The main thing about this leg was to read the control description before leaving control 2. If you did not, you probably went right or middle (B or C). Here going left (A) is clearly the fastest and shortest – right is more than 50% longer. Quite a few did a mistake here – many of the Top 20 runners lost more than 20 seconds – some even more than 30 – on a leg where the fastest route is run in 1:26.

Note that the women had the 3rd control on the other side of the fence (not directly, but further to the right), and they had a different ideal solution – both for this leg and the next.


Bonus leg

The leg is as usually first provided without routes:

Webroute

Next you can draw your own route using the ‘Webroute’ below. Think through how you would attack this leg, and draw the route you would have made. Some comments about why you would choose a certain route are always nice for the other readers.

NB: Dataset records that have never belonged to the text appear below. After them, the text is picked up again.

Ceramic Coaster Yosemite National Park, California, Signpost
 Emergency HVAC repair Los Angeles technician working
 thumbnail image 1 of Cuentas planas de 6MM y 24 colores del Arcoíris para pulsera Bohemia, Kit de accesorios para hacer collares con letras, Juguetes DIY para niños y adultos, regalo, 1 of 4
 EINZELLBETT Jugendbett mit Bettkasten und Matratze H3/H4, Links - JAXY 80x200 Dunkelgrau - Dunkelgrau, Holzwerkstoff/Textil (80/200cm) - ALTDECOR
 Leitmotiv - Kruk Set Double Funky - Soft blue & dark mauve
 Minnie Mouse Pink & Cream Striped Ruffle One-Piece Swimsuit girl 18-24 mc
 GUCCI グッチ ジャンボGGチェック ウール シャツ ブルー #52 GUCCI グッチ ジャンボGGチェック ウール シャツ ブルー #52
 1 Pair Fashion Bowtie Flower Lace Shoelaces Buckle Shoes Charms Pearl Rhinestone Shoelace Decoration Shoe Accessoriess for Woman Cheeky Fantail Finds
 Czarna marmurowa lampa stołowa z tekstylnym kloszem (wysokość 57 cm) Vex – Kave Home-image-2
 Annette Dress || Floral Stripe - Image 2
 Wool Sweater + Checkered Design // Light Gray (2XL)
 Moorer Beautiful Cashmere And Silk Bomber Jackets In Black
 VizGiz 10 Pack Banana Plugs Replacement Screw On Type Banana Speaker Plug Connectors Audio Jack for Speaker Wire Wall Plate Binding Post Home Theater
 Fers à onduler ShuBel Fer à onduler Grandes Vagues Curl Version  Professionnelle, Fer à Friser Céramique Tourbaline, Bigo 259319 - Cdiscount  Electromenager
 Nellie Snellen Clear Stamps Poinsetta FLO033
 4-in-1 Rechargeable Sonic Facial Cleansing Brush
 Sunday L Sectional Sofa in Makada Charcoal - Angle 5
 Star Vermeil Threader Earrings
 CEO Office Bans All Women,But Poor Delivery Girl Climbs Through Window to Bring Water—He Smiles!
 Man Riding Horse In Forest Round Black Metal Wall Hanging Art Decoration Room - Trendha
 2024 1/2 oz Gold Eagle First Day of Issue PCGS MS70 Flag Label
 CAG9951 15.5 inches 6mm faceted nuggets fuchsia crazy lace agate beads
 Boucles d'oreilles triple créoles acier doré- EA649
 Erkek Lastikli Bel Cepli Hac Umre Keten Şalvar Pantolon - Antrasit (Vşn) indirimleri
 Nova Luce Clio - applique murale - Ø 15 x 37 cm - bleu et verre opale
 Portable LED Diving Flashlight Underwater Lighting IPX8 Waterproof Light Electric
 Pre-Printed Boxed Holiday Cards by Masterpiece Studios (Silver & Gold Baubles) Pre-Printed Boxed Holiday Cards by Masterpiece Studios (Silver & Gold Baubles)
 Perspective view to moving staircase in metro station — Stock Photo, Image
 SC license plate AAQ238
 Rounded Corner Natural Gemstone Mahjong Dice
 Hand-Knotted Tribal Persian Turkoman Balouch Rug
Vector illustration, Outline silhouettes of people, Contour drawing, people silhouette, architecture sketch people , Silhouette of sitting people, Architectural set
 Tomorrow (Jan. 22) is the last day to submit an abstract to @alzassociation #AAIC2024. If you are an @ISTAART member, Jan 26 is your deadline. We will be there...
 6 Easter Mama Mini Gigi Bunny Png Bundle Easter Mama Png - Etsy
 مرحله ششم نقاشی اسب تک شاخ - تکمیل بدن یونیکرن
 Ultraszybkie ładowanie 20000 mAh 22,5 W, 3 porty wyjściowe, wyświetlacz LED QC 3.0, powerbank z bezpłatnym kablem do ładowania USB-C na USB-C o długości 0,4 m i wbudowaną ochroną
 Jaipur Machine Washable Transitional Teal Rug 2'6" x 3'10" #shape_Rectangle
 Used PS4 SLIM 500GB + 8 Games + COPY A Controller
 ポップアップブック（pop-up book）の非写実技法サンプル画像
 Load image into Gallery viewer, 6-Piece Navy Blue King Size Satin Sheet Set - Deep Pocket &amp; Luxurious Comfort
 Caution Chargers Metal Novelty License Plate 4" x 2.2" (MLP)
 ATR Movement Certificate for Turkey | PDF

Then you can take a look at how the runners have solved this leg below.

Analysis

This was the longest leg in the course, with very distinct alternatives. The thought was that the left variant (running far down the steps and then up along the road) should be the fastest, but that many runners would be afraid for the stairs (all children lessons in sprint tell you how bad it is to run downhill in stair). So luckily left seems to be a bit faster (5 of the 6 fastest times are run left – only Kinneberg who has had higher speed all the way is in the top 6 on the right). Even if Eskil Kinneberg did not agree right after the race. The difference is only a few seconds though (as I agreed with Eskil after the race), and probably you loose more due to not performing the leg well than due to the running difference. The right variants are a bit more complicated – left is just running all you can.


Density map

See below for a density map of some of the ones who have drawn their routes so far.

Additional information

You find the complete map in omaps.worldofo.com at this location.

Route to Christmas series

The ‘Route to Christmas’ series at World of O has been very popular the last years – and I have therefore decided to continue the series this Christmas as well. If you have got any good legs in RouteGadget, GPSSeuranta or 3DRerun from 2013-competitions – or old forgotten ones which are still interesting – please email me the link at Jan@Kocbach.net, and I’ll include it in Route to Christmas if it looks good. Route to Christmas will not be interesting if YOU don’t contribute.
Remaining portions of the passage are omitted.